Il cambio euro/dollaro è a 1,0489 (in calo di 0,25%), euro/yen a 141,39 mentre il dollaro scambia a 134,76 su yen. Aggiornamento sui mercati a cura di UniCredit

Arriva brevemente a superare la soglia di 135 yen il dollaro, nuovo massimo da vent’anni legato all’ulteriore rialzo dei rendimenti sulla curva Usa dopo i numeri di venerdì sull’inflazione di maggio.

Apertura negativa per le borse europee

Apertura negativa per le borse europee in scia ai forti cali delle borse asiatiche stamane e di Wall Street venerdì. Piazza Affari cede circa il 2% nelle prime battute. In deciso calo i titoli bancari, Nexi, Saipem (efficace da oggi il raggruppamento delle azioni 1 a 10), male anche Stellantis, Poste, Stm e Telecom.

Borse asiatiche in calo

Il panico che ha colpito i mercati azionari e dei debiti sovrani dell’area euro, sulla scia degli annunci arrivati dalla Bce, e successivamente da Wall Street piegata dal dato sull’inflazione Usa, contagia anche le borse asiatiche stamane. La borsa di Tokyo ha segnato un tonfo del 3%, a picco di oltre il 3% anche la borsa di Hong Kong, e Seoul, che scivola di oltre -3%. Più contenuti i cali per Shanghai e Sidney.

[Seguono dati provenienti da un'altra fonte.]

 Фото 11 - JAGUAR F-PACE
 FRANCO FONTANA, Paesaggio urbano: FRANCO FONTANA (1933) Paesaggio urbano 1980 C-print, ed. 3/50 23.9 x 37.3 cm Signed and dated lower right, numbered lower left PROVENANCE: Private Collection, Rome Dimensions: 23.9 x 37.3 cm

Wall Street in calo venerdì

I principali indici azionari statunitensi hanno terminato la seduta di venerdì in deciso calo, penalizzati dai dati sull’inflazione del mese di maggio, risultati peggiori del consensus degli analisti. Il Dow Jones ha lasciato sul terreno il 2,73%, S&P500 -2,91% e Nasdaq -3,52%. L’inflazione USA sui massimi da 40 anni mette in ansia i mercati in attesa della Fed. L’indice dei prezzi al consumo (CPI) a maggio è cresciuto del 8,6% su base annuale e dell’1% su base trimestrale, ben al di sopra delle aspettative di 8,3% e 0,7% rispettivamente. Sul fronte societario, seduta all’insegna delle vendite per Netflix (-5,1%), in forte calo anche i titoli del settore finanziario. Goldman Sachs e Jp Morgan hanno perso rispettivamente il 5,65% e il 4,6%.

Petrolio in calo

Arretrano di circa 1,5% i derivati sul greggio, allarmati dall’aumento dei contagi Covid a Pechino che potrebbe ostacolare la ripresa della domanda di carburante da parte della seconda economia mondiale. Il futures sul Brent viaggia in calo di un dollaro e 70 centesimi a USD 120,31 il barile e quello sul Nymex di un dollaro e 75 cent a USD 118,92.

Obbligazionario

Confronti per l’apertura di oggi 3,85% per il tasso del decennale dicembre 2032, 234 bp per il differenziale di rendimento sempre decennale tra Italia e Germania. Nella seduta di venerdì, seconda sessione di pesantissimi realizzi per il secondario italiano ma anche e soprattutto per Piazza Affari, che ha bruciato il 5%, il tasso del Btp decennale è volato sui record da gennaio 2014 e lo spread su Germania è tornato sui livelli di maggio 2020.